→ What to do
Leave the pictures out, and repeat exactly every line from the one with "Sonriente niña —" through the end of the data below.

→ Recorded information

┄┄┄┄┄┄┄┄┄┄

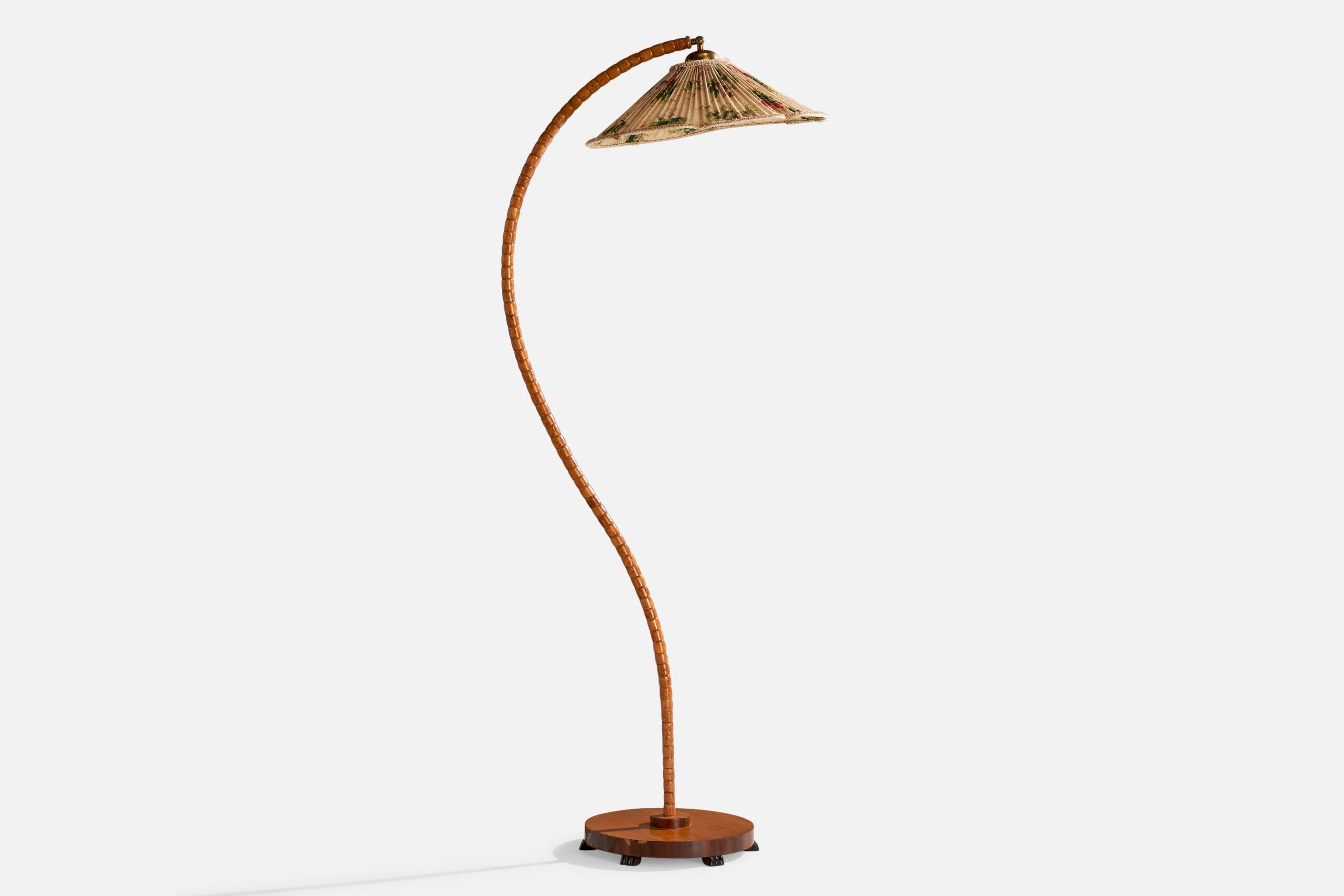 Lampadaire en orme, tissu imprimé floral et laiton, conçu et produit en Suède, C.C.

Dimensions globales (pouces) : 68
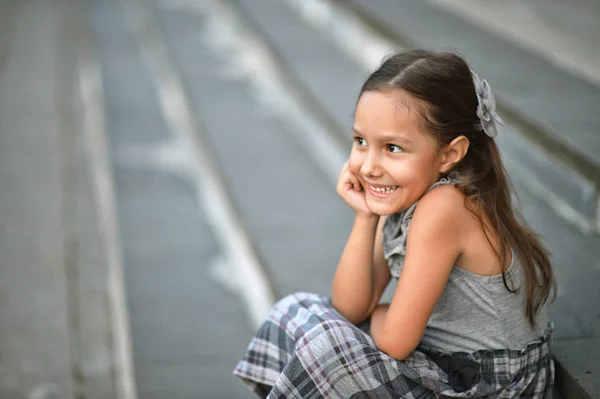 Sonriente niña —  Fotos de Stock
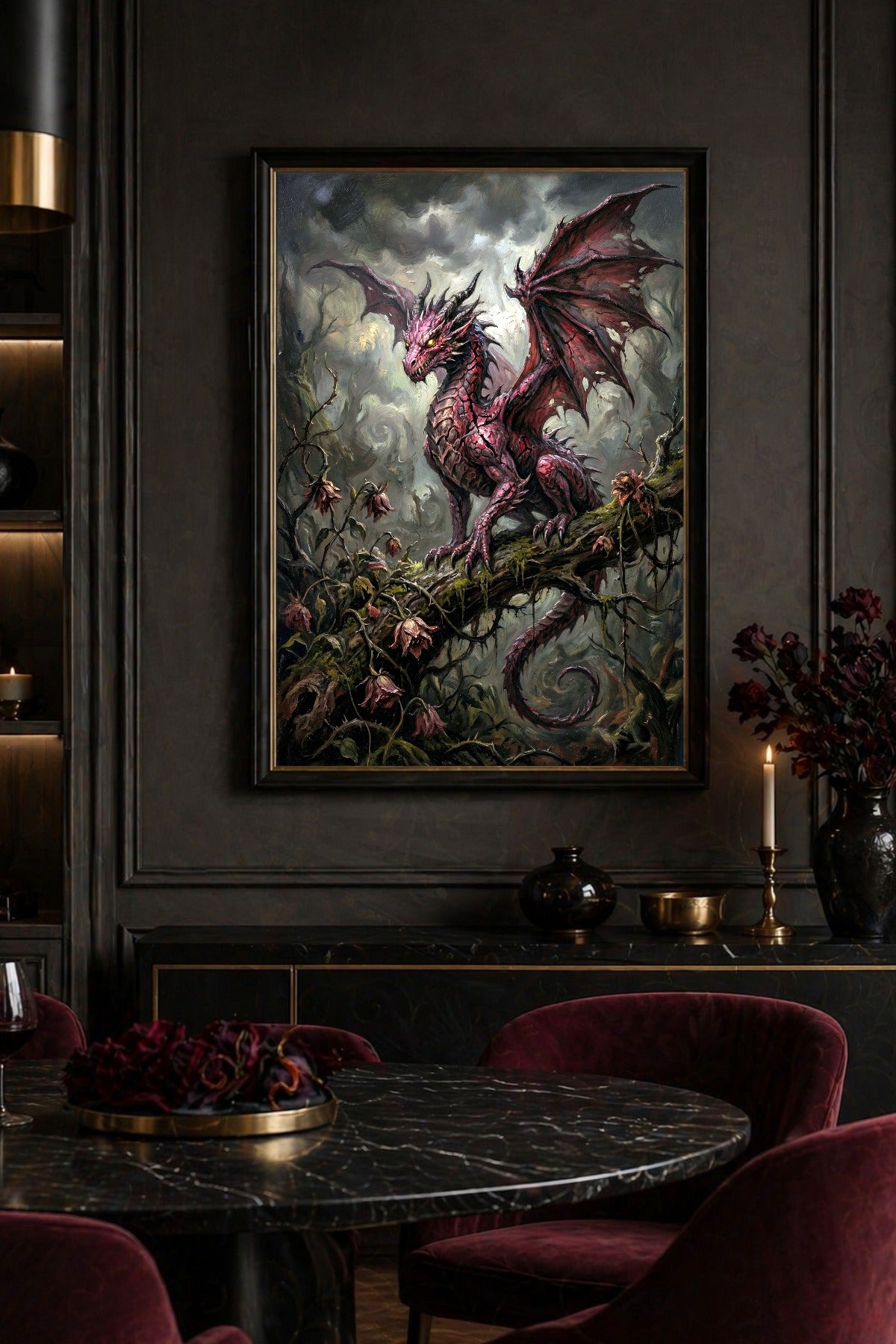Roter Drache im Gothic-Fantasy-Stil auf einem moosigen Ast, eingebettet in eine düstere Waldszene mit dunklen Farben und welken Blüten.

┄┄┄┄┄┄┄┄┄┄

→ Answer space
 Sonriente niña —  Fotos de Stock
Roter Drache im Gothic-Fantasy-Stil auf einem moosigen Ast, eingebettet in eine düstere Waldszene mit dunklen Farben und welken Blüten.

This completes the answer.